Webmaster

A webmaster (from web and master),[1] is a person responsible for maintaining one or many websites.

Due to the RFC 822 requirement for establishing a "postmaster" email address for the single point of contact for the email administrator of a domain, the "webmaster" address and title were unofficially adopted by analogy for the website administrator. RFC 2142 turned this common practice into a standard.

The title may refer to web architects, web developers, site authors, website administrators, website coordinators, or website publishers. The duties of a webmaster may include: ensuring that the web servers, hardware and software are operating correctly, designing the website, generating and revising web pages, A/B testing, replying to user comments, and examining traffic through the site. Webmasters of commercial websites may also need to be familiar with e-commerce software.[2]

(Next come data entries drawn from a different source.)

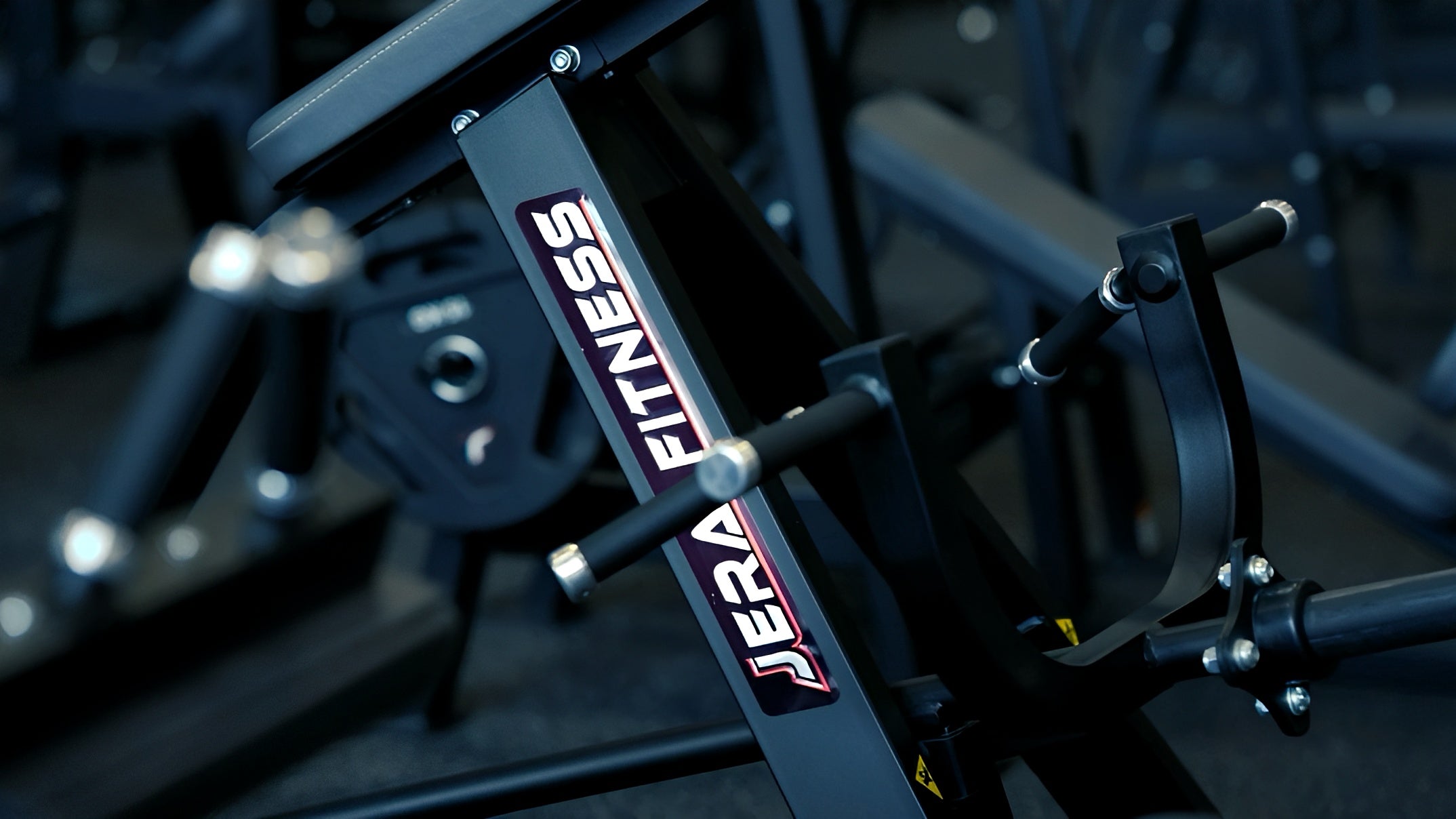 公式】JERAI FITNESS（ジェライフィットネス）｜日本正規代理店｜about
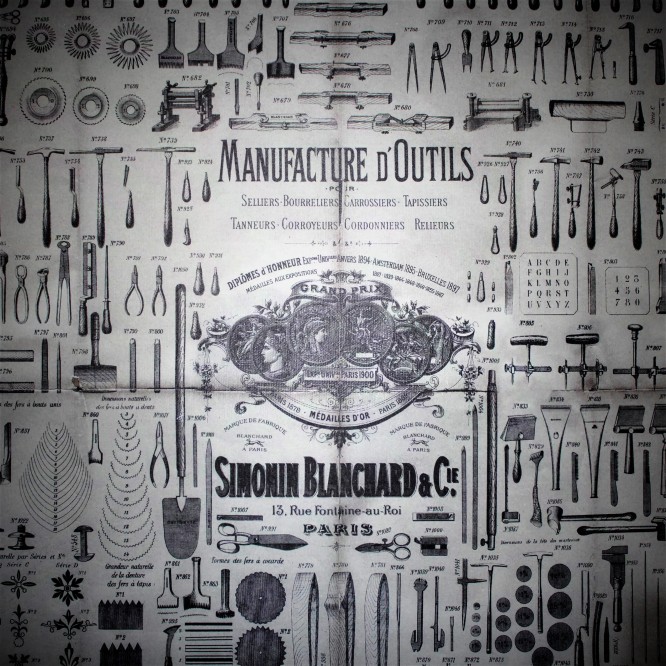 NOMENCLATURE 1900 - 835x630mm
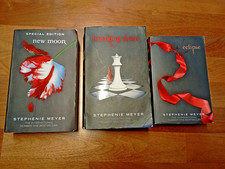 3x Romantasy Young Adult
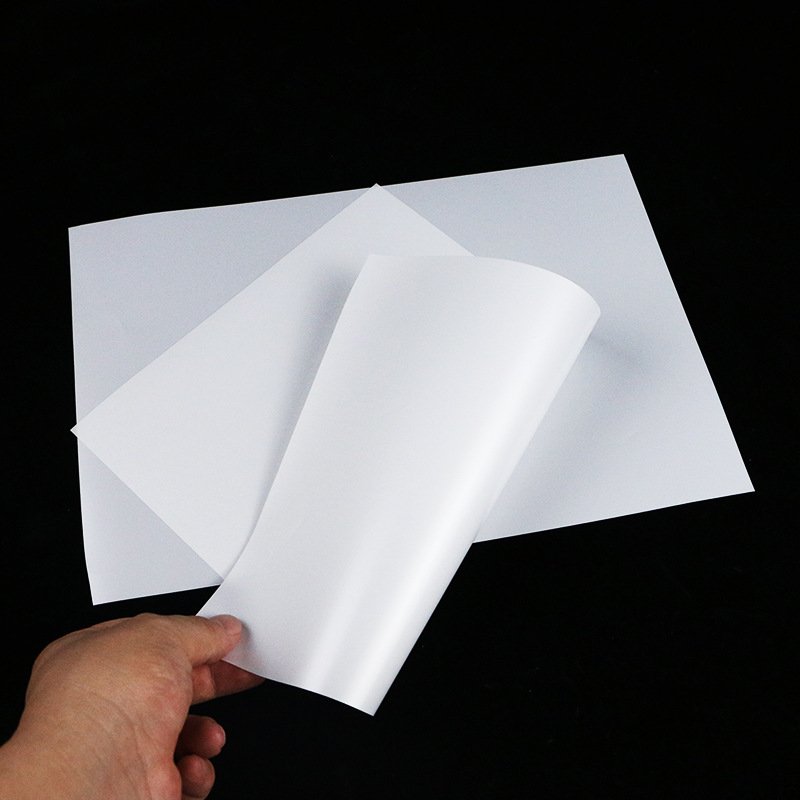 LED diffuser film factory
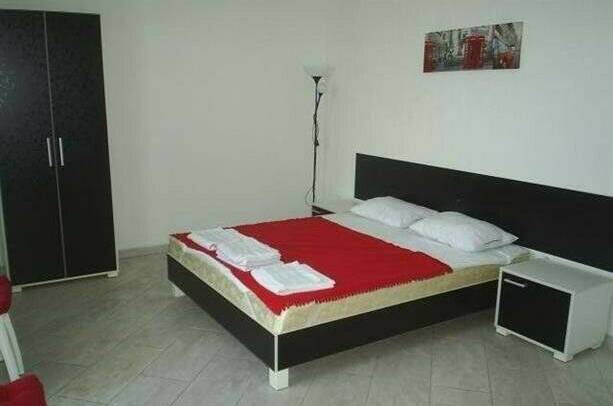 Номер «Стандарт 2-х комнатный»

Webmasters may be generalists with HTML expertise who manage most or all aspects of web operations. Depending on the nature of the websites they manage, webmasters may be required to know scripting languages such as ColdFusion, JavaScript, JSP, .NET, Perl, PHP and Ruby. They may also need to know how to configure web servers and be a server administrator. Most server roles would however be overseen by the IT Administrator.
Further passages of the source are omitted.